**Task objective**
Please write out exactly the lines of the data below from the line holding "laser cut wood boxes" through the line holding "EVGA SuperNOVA 850", and leave out the rest.

**Information supplied**
>>>

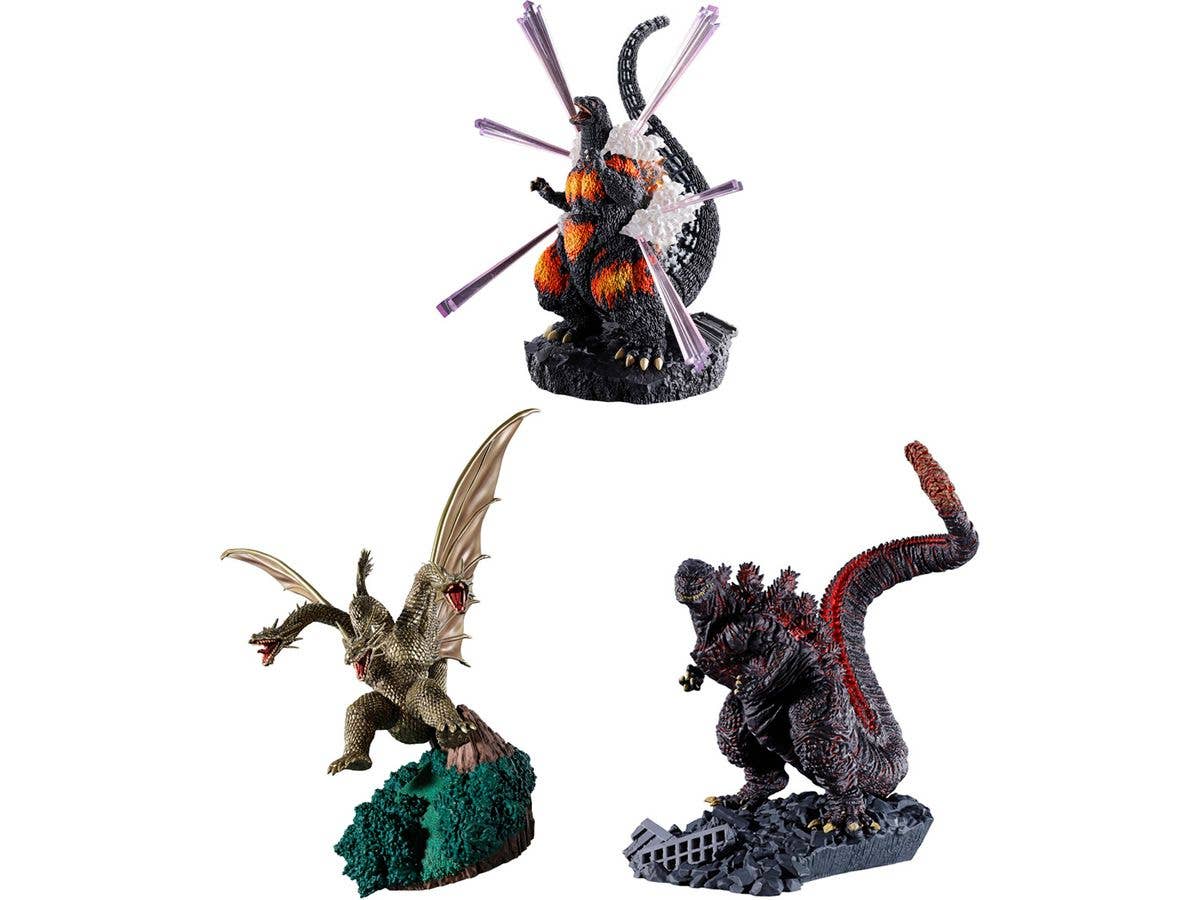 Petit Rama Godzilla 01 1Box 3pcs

<<<
>>>

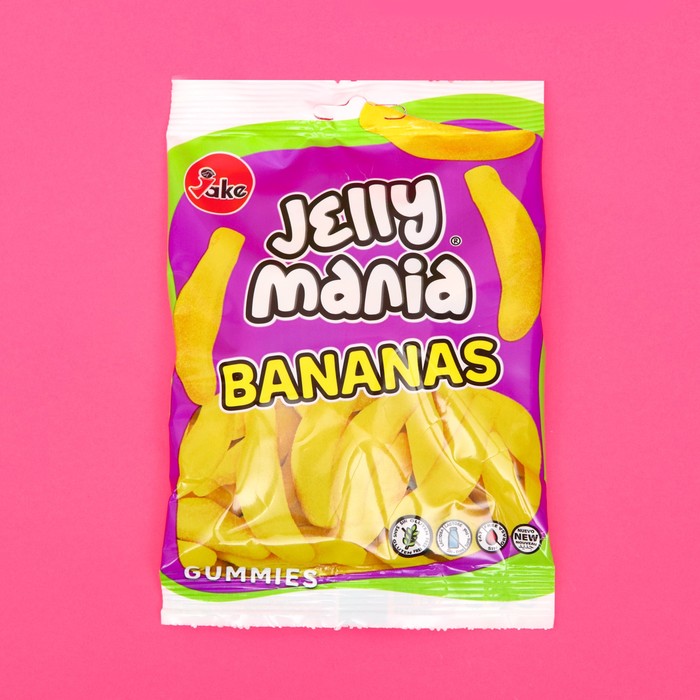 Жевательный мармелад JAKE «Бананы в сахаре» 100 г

<<<
>>>

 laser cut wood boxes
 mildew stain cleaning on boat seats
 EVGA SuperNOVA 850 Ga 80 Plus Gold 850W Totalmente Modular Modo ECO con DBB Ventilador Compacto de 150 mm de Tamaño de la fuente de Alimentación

<<<

**Solution to this exercise**
 laser cut wood boxes
 mildew stain cleaning on boat seats
 EVGA SuperNOVA 850 Ga 80 Plus Gold 850W Totalmente Modular Modo ECO con DBB Ventilador Compacto de 150 mm de Tamaño de la fuente de Alimentación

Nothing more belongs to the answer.